The A. J. Foyt Exhibition at the Indianapolis Motor Speedway Museum. [Joe Jennings Photo]

The A. J. Foyt Exhibition at the Indianapolis Motor Speedway Museum. [Joe Jennings Photo]

by Joe Jennings

INDIANAPOLIS – A. J. Foyt, a legendary exhibition, has opened at the Indianapolis Motor Speedway Museum, and it runs until October 31, 2017. Basically, the exhibition is a living history presentation of America’s greatest driver and whether viewers are Foyt fans or not, they should find it highly informative and walk away feeling fulfilled.

The exhibition contains 30 of the most famous cars that Foyt raced over his many years of driving and ownership. The cars mostly came from collectors and two of them came from Foyt’s personal collection. The exhibit is displayed in three large rooms on the main floor of the museum.

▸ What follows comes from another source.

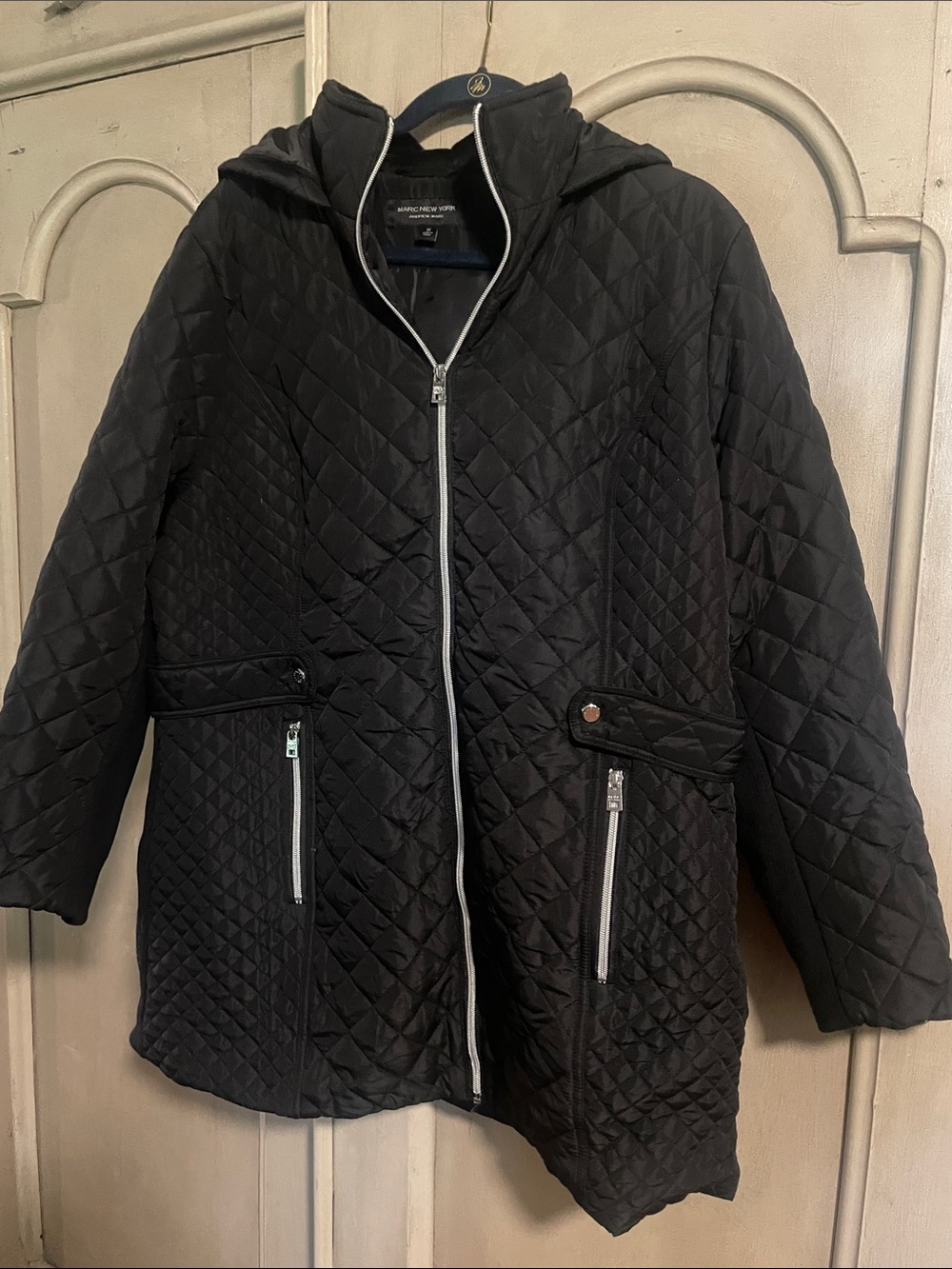Marc Jacobs Black Quilted Hooded Puffer Coat with Contrast Zippers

The cars range from midgets, sprint and dirt-track machines, sports cars, stock cars, a IROC winner and of course, Indianapolis 500 winners. Complementing the car display are dozens of photographs, trophies, programs, helmets and other racing paraphernalia. The walls are adorned with large action photos and paintings.

The exhibition was conceived, researched, developed and produced by Ellen Bireley, director of the museum. After coming up with the idea, Ms. Bireley wrote to Foyt to seek his approval. The four-time 500 winner quickly gave his approval and invited her to his Texas shops to see what could be borrowed.

It took several months to put together and once complete, Foyt was invited in for a walk-through. Reportedly, he was awed by what he saw. Some of these cars, the racing legend hadn’t seen in years and one in particular, the Bowes Seal Fast midget was last seen when he raced it years ago.

While the Foyt exhibition is visually and professionally presented, fans can have a close-up look at several dozen 500 winners in space immediately adjacent. Walking through the exhibition reminds one that he or she of being in one of the Smithsonian Museums in Washington, D. C.

The exhibition is highly recommended with one caveat – sufficient time must be set aside to absorb it all.